Bobby Abel (1857-1936)

Did I say that I was looking forward to Joburg? I take it all back. An innings and 74 runs defeat in the final test of the series and two draws nicked by the skin of our teeth meant a drawn series and South Africa retaining the basil D'Oliveira trophy. Not that I wouldn't have accepted a drawn series before it had all begun - but to have snatched defeat from the jaws of victory always hurts but like the man says "If you can meet with triumph and disaster and treat those two pretenders just the same" and in a week when disaster, true disaster visited Haiti I think that a degree of philosophy is called for when dealing with matters of sport.

Ironically Bobby Abel was replaced at Surrey and England by Jack Hobbs who eclipsed his achievements. But he rose from humble origins and was the first Englishman to carry his bat through an entire test innings and indeed carried his bat through an innings of 811 - he scored 357 runs still a Surrey record and scored 2000 runs in consecutive seasons. And yet I suspect that most cricket fans (the putative father-in-law included will never have heard of him.) And if his blue plaque hadn't have been on my hitlist I would also have been in the same boat. He, like I suspect and awful lot of cricketers live in the shadow of the good doctor, W.G.Grace. C.B. Fry said of him "He gathers runs like blackberries, wherever he goes" His later career was blighted by the growth of fast bowling and deteriorating eyesight. He died in 1936- totally blind. His blue plaque is located in Southwark Park where he learnt the game and was discovered.
It was the starting point of a frozen frolic around Rotherhithe a couple of weekends ago. We used the BBC walk starting by Canada Wharf and finishing at the presently closed Rotherhithe tube station. We took in the long loop of the river a loop that back in London's heyday would have been crammed with wharfs, whalers and wherries.

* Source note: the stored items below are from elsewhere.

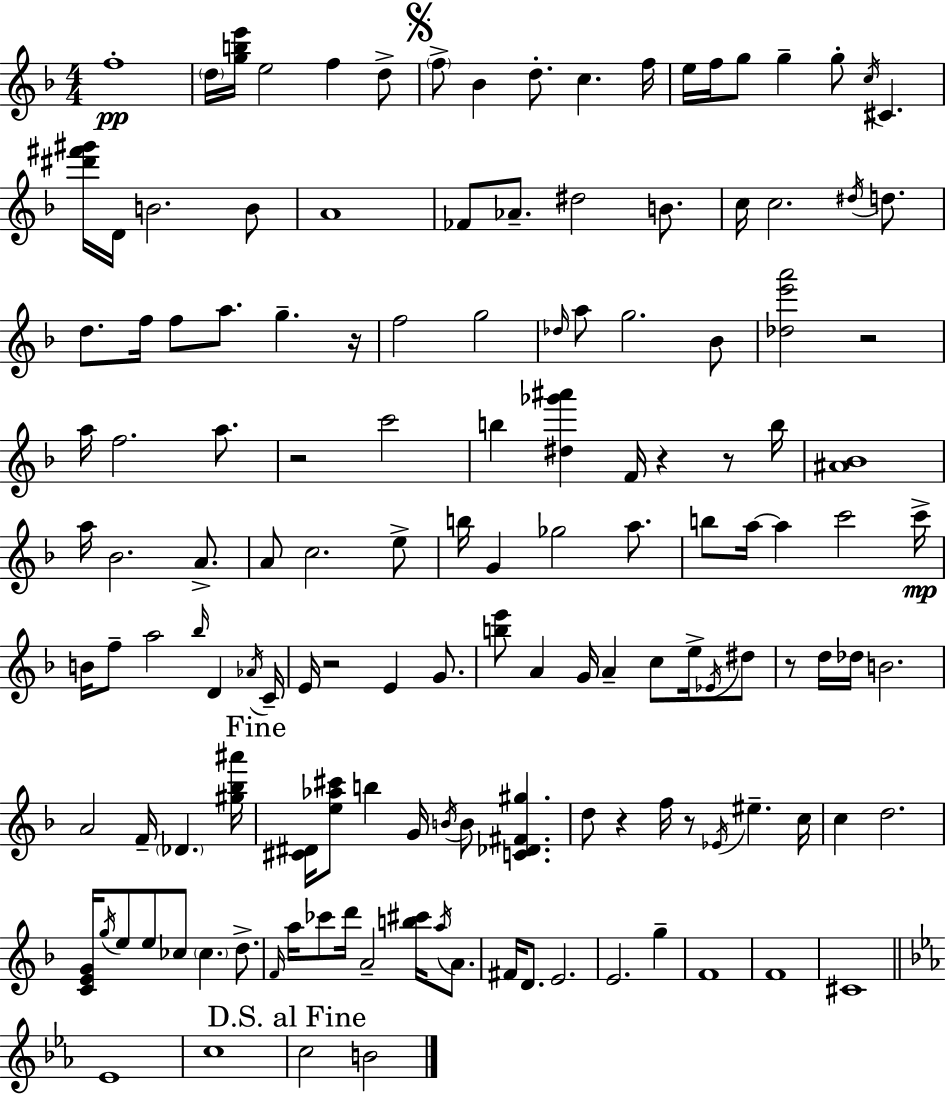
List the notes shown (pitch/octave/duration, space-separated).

F5/w D5/s [G5,B5,E6]/s E5/h F5/q D5/e F5/e Bb4/q D5/e. C5/q. F5/s E5/s F5/s G5/e G5/q G5/e C5/s C#4/q. [D#6,F#6,G#6]/s D4/s B4/h. B4/e A4/w FES4/e Ab4/e. D#5/h B4/e. C5/s C5/h. D#5/s D5/e. D5/e. F5/s F5/e A5/e. G5/q. R/s F5/h G5/h Db5/s A5/e G5/h. Bb4/e [Db5,E6,A6]/h R/h A5/s F5/h. A5/e. R/h C6/h B5/q [D#5,Gb6,A#6]/q F4/s R/q R/e B5/s [A#4,Bb4]/w A5/s Bb4/h. A4/e. A4/e C5/h. E5/e B5/s G4/q Gb5/h A5/e. B5/e A5/s A5/q C6/h C6/s B4/s F5/e A5/h Bb5/s D4/q Ab4/s C4/s E4/s R/h E4/q G4/e. [B5,E6]/e A4/q G4/s A4/q C5/e E5/s Eb4/s D#5/e R/e D5/s Db5/s B4/h. A4/h F4/s Db4/q. [G#5,Bb5,A#6]/s [C#4,D#4]/s [E5,Ab5,C#6]/e B5/q G4/s B4/s B4/e [C4,Db4,F#4,G#5]/q. D5/e R/q F5/s R/e Eb4/s EIS5/q. C5/s C5/q D5/h. [C4,E4,G4]/s G5/s E5/e E5/e CES5/e CES5/q. D5/e. F4/s A5/s CES6/e D6/s A4/h [B5,C#6]/s A5/s A4/e. F#4/s D4/e. E4/h. E4/h. G5/q F4/w F4/w C#4/w Eb4/w C5/w C5/h B4/h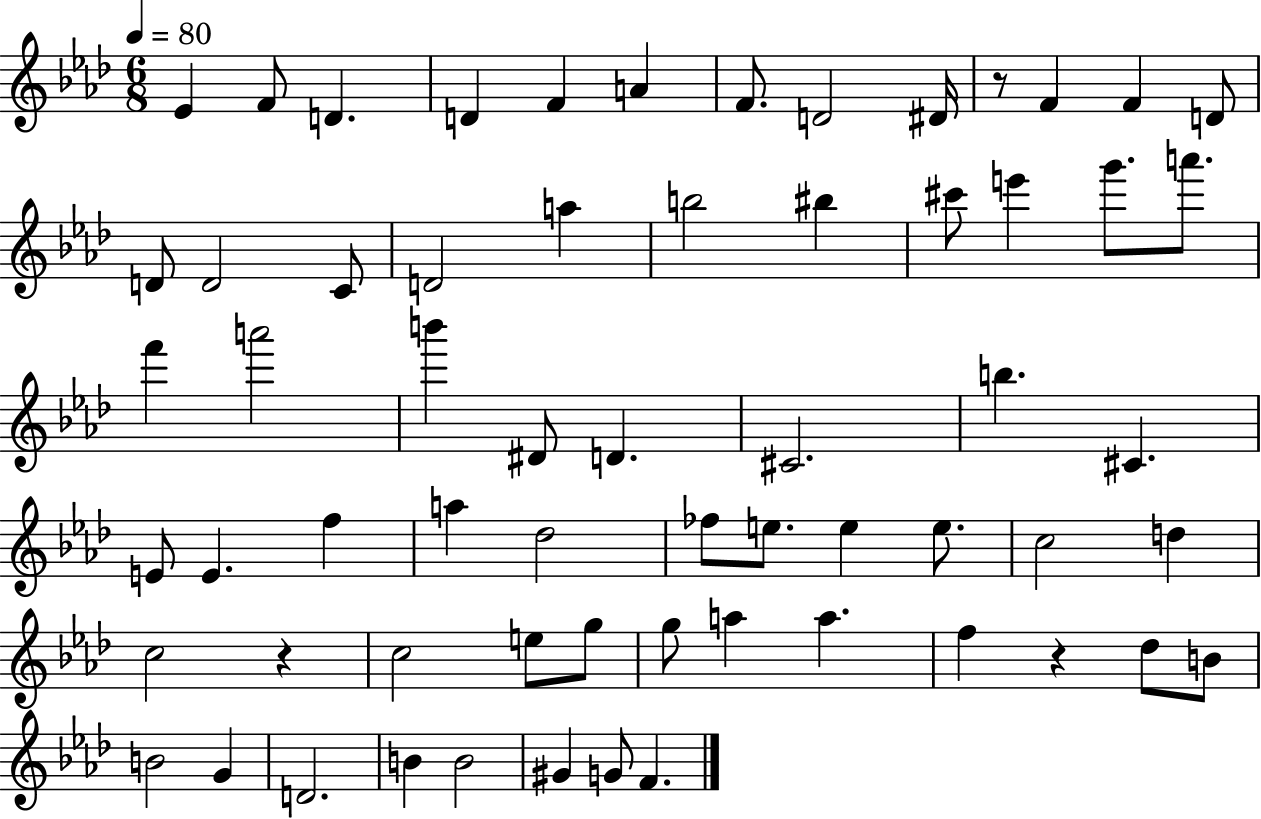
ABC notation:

X:1
T:Untitled
M:6/8
L:1/4
K:Ab
_E F/2 D D F A F/2 D2 ^D/4 z/2 F F D/2 D/2 D2 C/2 D2 a b2 ^b ^c'/2 e' g'/2 a'/2 f' a'2 b' ^D/2 D ^C2 b ^C E/2 E f a _d2 _f/2 e/2 e e/2 c2 d c2 z c2 e/2 g/2 g/2 a a f z _d/2 B/2 B2 G D2 B B2 ^G G/2 F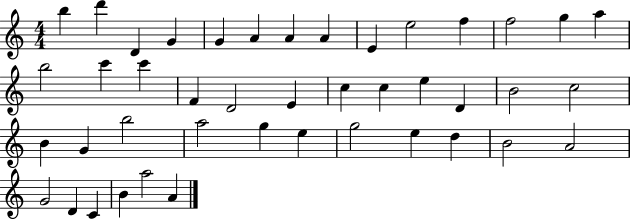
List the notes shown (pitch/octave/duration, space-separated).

B5/q D6/q D4/q G4/q G4/q A4/q A4/q A4/q E4/q E5/h F5/q F5/h G5/q A5/q B5/h C6/q C6/q F4/q D4/h E4/q C5/q C5/q E5/q D4/q B4/h C5/h B4/q G4/q B5/h A5/h G5/q E5/q G5/h E5/q D5/q B4/h A4/h G4/h D4/q C4/q B4/q A5/h A4/q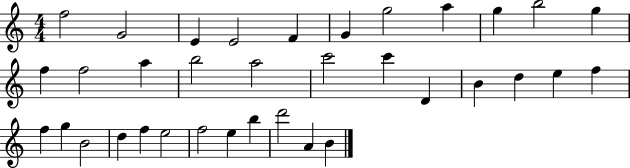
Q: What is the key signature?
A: C major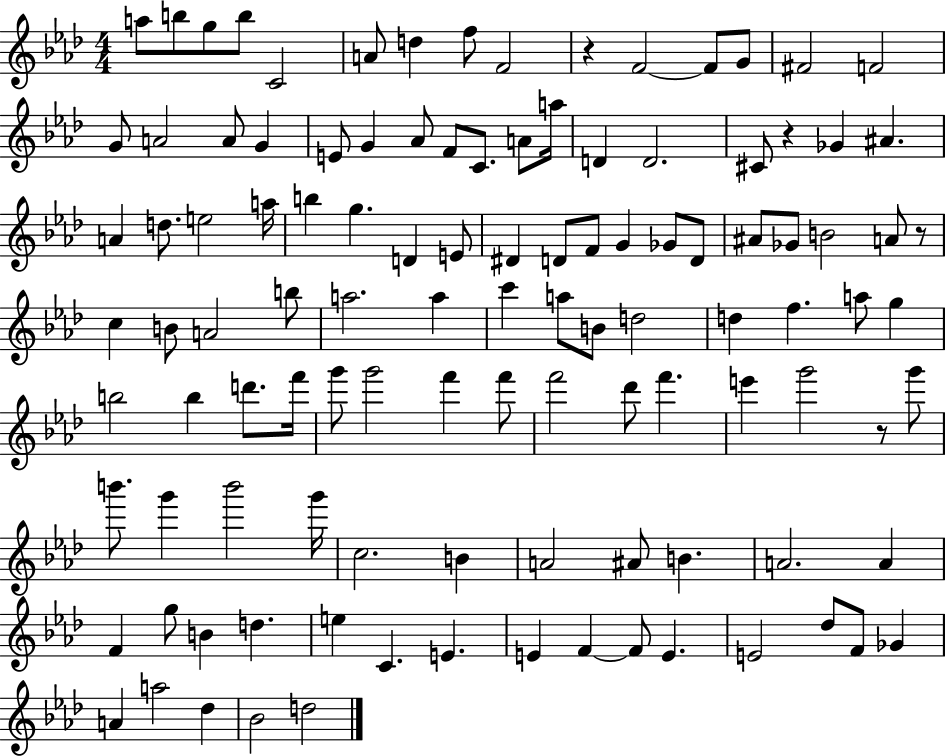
A5/e B5/e G5/e B5/e C4/h A4/e D5/q F5/e F4/h R/q F4/h F4/e G4/e F#4/h F4/h G4/e A4/h A4/e G4/q E4/e G4/q Ab4/e F4/e C4/e. A4/e A5/s D4/q D4/h. C#4/e R/q Gb4/q A#4/q. A4/q D5/e. E5/h A5/s B5/q G5/q. D4/q E4/e D#4/q D4/e F4/e G4/q Gb4/e D4/e A#4/e Gb4/e B4/h A4/e R/e C5/q B4/e A4/h B5/e A5/h. A5/q C6/q A5/e B4/e D5/h D5/q F5/q. A5/e G5/q B5/h B5/q D6/e. F6/s G6/e G6/h F6/q F6/e F6/h Db6/e F6/q. E6/q G6/h R/e G6/e B6/e. G6/q B6/h G6/s C5/h. B4/q A4/h A#4/e B4/q. A4/h. A4/q F4/q G5/e B4/q D5/q. E5/q C4/q. E4/q. E4/q F4/q F4/e E4/q. E4/h Db5/e F4/e Gb4/q A4/q A5/h Db5/q Bb4/h D5/h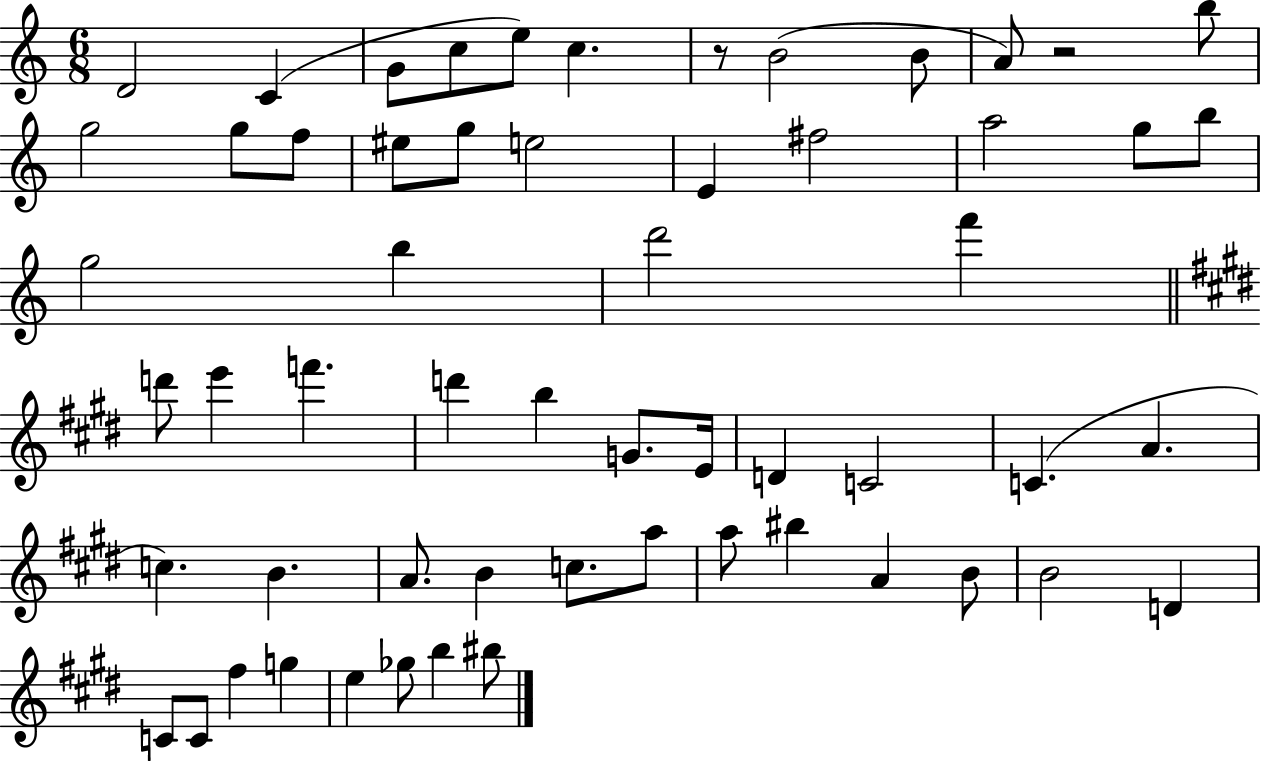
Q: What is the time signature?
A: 6/8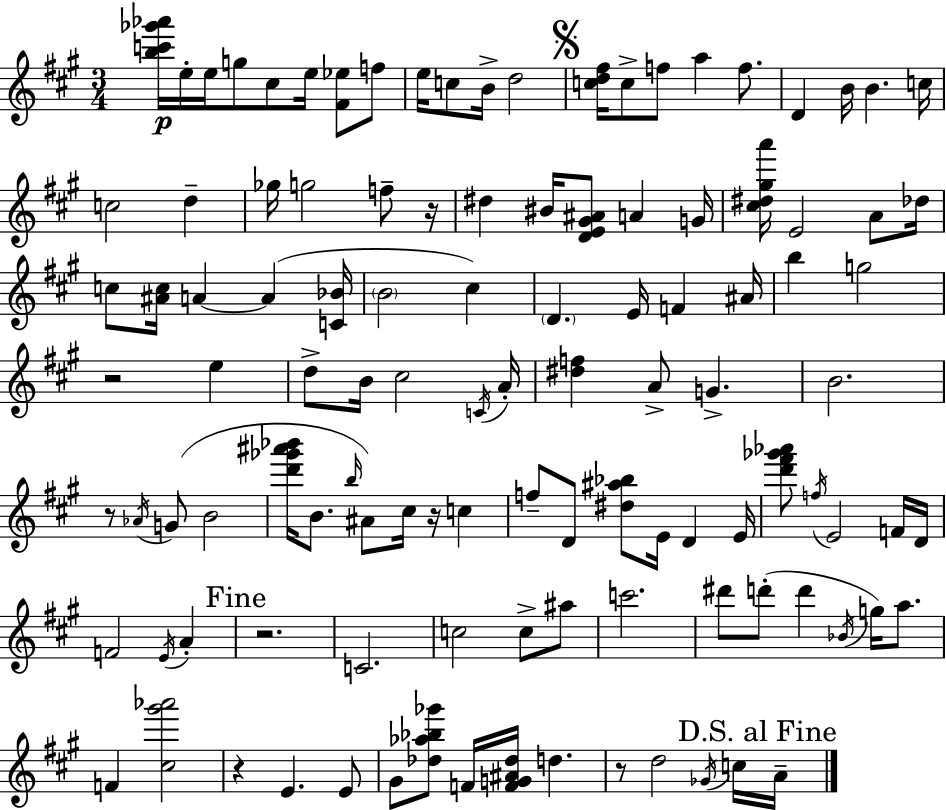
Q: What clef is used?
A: treble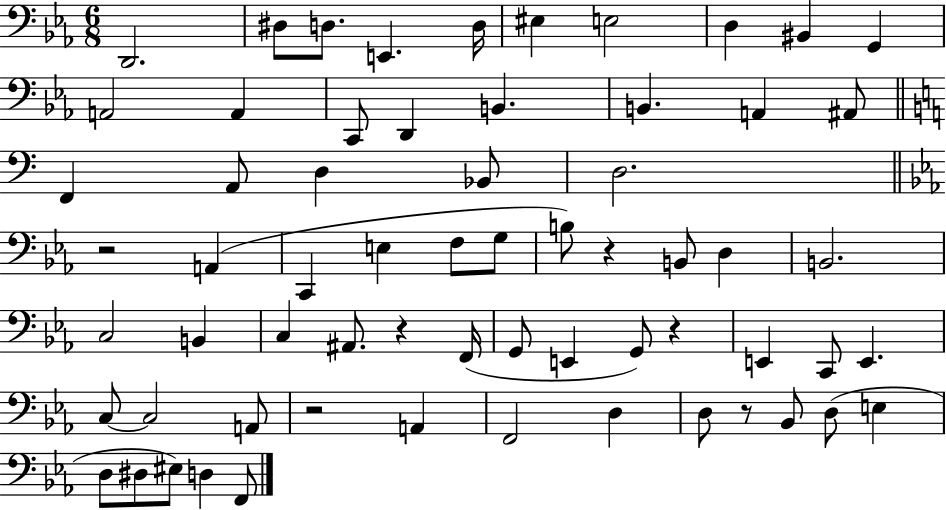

There's precious little to mark what was the busiest port in the world - courtesy of the remodelling carried out by the Luftwaffe in 1940 and the transformation during the Thatcher junta in the 80s. It's a far cry from the the rough and ready haunt not frequented by the well-to-do. There are reminders though, streets named after the points of origin of many of the incoming ships - Odessa Street, Bergen Square, Quebec Way - places of Worship for the travelling Norwegian and Swedish seamen. The pub names speak volumes - The Moby Dick, The Ship not to mention the Mayflower pub which via Southampton and Plymouth made it's way across the pond in 1620. It's master Christopher Jones is buried across the road at St. Mary's.